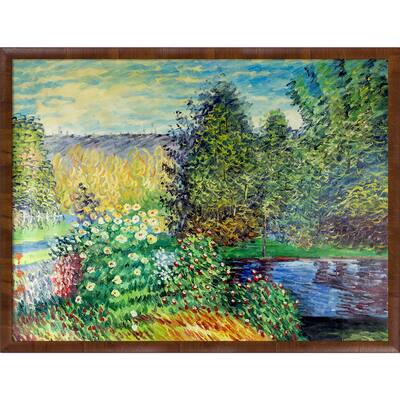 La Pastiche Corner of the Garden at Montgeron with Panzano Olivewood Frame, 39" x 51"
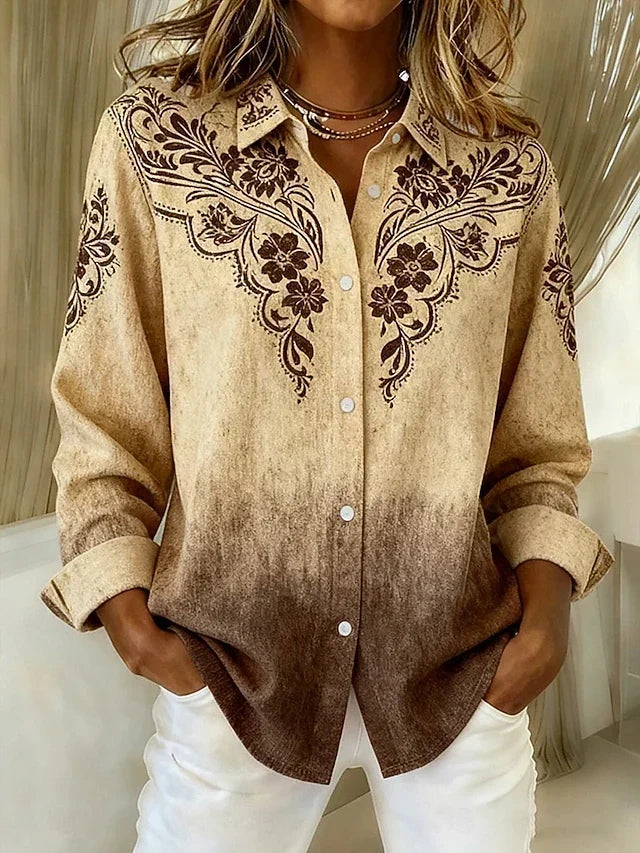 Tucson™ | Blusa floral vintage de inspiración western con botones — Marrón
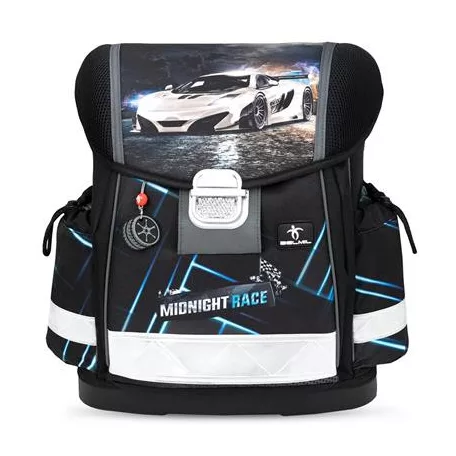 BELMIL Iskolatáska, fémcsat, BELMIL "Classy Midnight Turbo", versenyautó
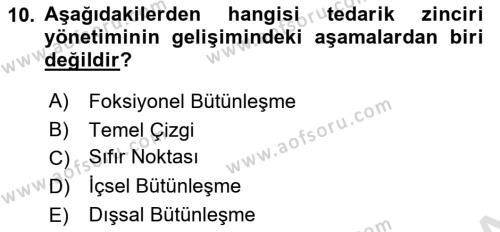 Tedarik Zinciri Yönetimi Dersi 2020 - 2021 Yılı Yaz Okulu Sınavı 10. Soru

————————

DIRECTIONS FOR THIS TASK –
The listing above, line by line: print it exactly, but not its pictures.

TASK ANSWER –
 La Pastiche Corner of the Garden at Montgeron with Panzano Olivewood Frame, 39" x 51"
 Tucson™ | Blusa floral vintage de inspiración western con botones — Marrón
 BELMIL Iskolatáska, fémcsat, BELMIL "Classy Midnight Turbo", versenyautó
 Tedarik Zinciri Yönetimi Dersi 2020 - 2021 Yılı Yaz Okulu Sınavı 10. Soru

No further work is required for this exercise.